Depuis quelques temps, le New York Times publie une série de reportages sur Haïti et les racines passées et présentes de ses exceptionnelles misères. Si bien de ces racines sont locales - Haïti, qui est un pays africain dans le fond, a inauguré la malheureuse tradition africaine de ce que j’appelle “les élites contre la nation” - les pays impérialistes, en l’occurrence la France et les États-Unis, sont également coupables, quoiqu’on en parle moins. Le tribut imposé par la France à Haïti pour payer des réparations aux esclavagistes chassés du pays au début du XIXe siècle est bien connu (en France comme aux États-Unis, une bonne partie de l’opinion publique et de la classe politique pousse des cris d’orfraie dès qu’il s’agit de réclamer des réparations pour l’esclavage et la colonisation, mais la réparation pour les esclavagistes - y compris en Grande-Bretagne - n’a pas soulevé de controverses.) L’histoire de comment une banque française a piégé Haïti pour continuer à lui sucer le sang une fois qu’il s’était pratiquement déchargé de sa “dette” avait été complètement oubliée, jusqu’à ce que ces enquêtes du NYT l’exhument. La banque en question est le Crédit Industriel et Commercial, fondée en 1859 et encore en activité, mais devenue amnésique sur ses activités de pillage financier à Haïti entre 1875, date d’un premier prêt rapace, et les premières années du XXe siècle, où Frédéric Marcelin, auquel j’ai consacré une note dans ce blog, a enfin réussi à détacher la goule de sa proie. Pour ceux qui lisent l’anglais, la triste histoire, qui est un important chaînon dans la généalogie de la chute dans l’abjection où barbote aujourd’hui Haïti, se trouve ici:
How a French Bank Captured Haiti
Frédéric Marcelin a livré sa version de la même histoire dans un livre publié en 1890, et qui est téléchargeable ici:
La Banque nationale d’Haïti: une page d’histoire.

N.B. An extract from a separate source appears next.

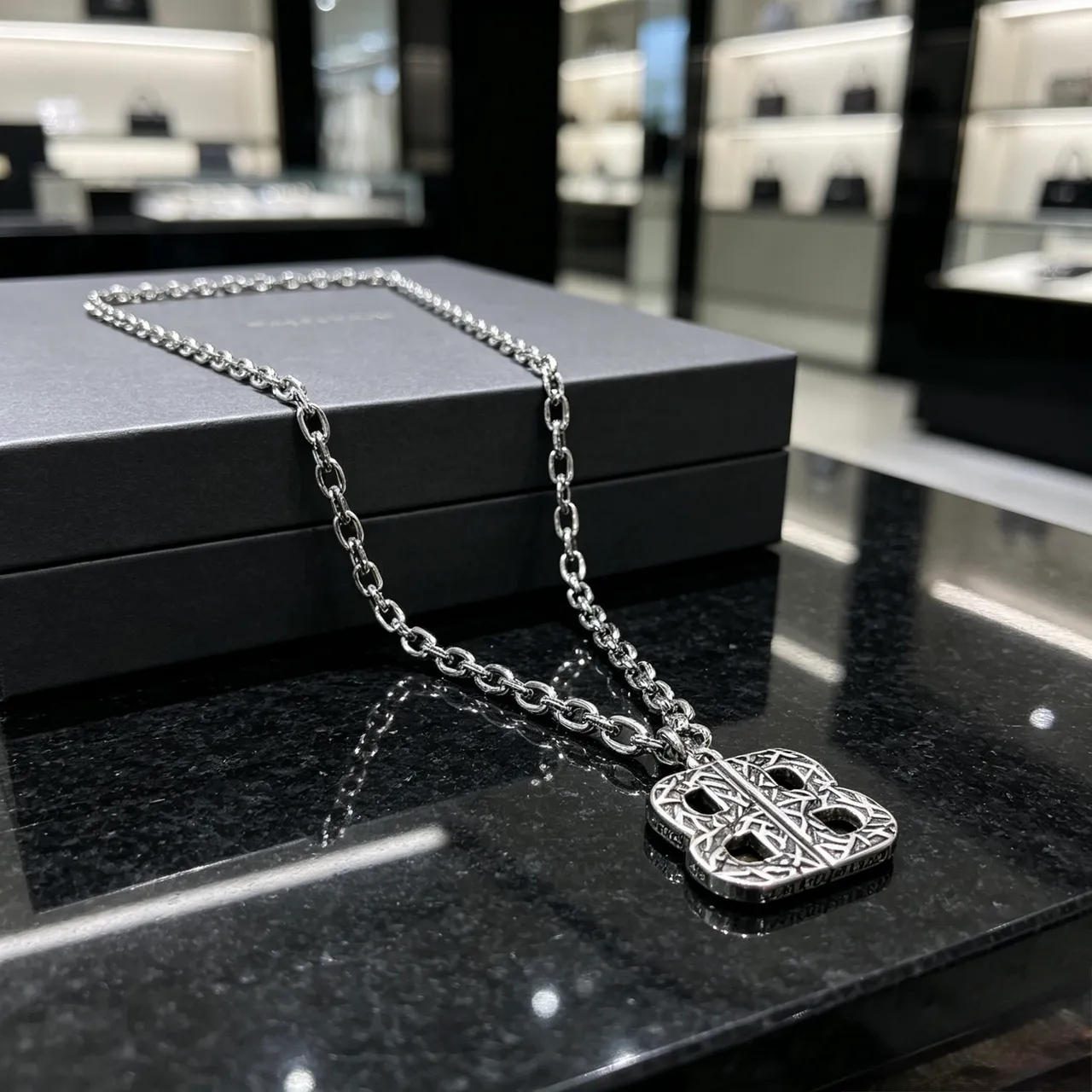 Balenciaga BB Monogram Prata Preto Corrente de Elos Pesados Pingente Ornado 2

Le début de ce texte de Marcelin fait une sorte de hiérarchie des responsabilités: les élites haïtiennes corrompues n’étaient que comparses dans un jeu de dupes dont les bénéficiaires repus jusqu’au dégorgement (ce que l’article du NYT montre bien au demeurant) se trouvaient à Paris.

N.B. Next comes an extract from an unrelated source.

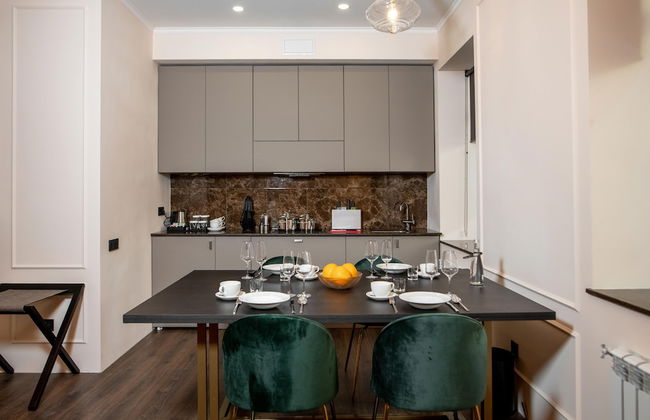 De Paris Apartments - Photo 18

J’aimerais croire Marcelin, et que les élites haïtiennes étaient moins coupables. Cette histoire a un équivalent extraordinaire de similitude dans l’Afrique du Sud post-Apartheid, lorsqu’une partie des élites de l’ANC, rassemblées autour de Jacob Zuma, se sont abouchées avec un trio d’hommes d’affaires indiens, les frères Gupta, pour piller les ressources publiques du pays en une entreprise criminelle connue en Afrique du Sud par la formule “capture d’État”. Il n’est pas toujours besoin d’une puissance impérialiste, comme on le voit. Si la CIC n’avait pas proposé ses “services” aux élites haïtiennes, celles-ci n’auraient-elles pas trouvé un autre vampire pour les aider à exploiter le pauvre peuple? Tant que l’on n’a pas une élite patriotique, le piège est sans fin. Une telle élite est possible: Frédéric Marcelin l’a prouvé. Hélas! il était minoritaire.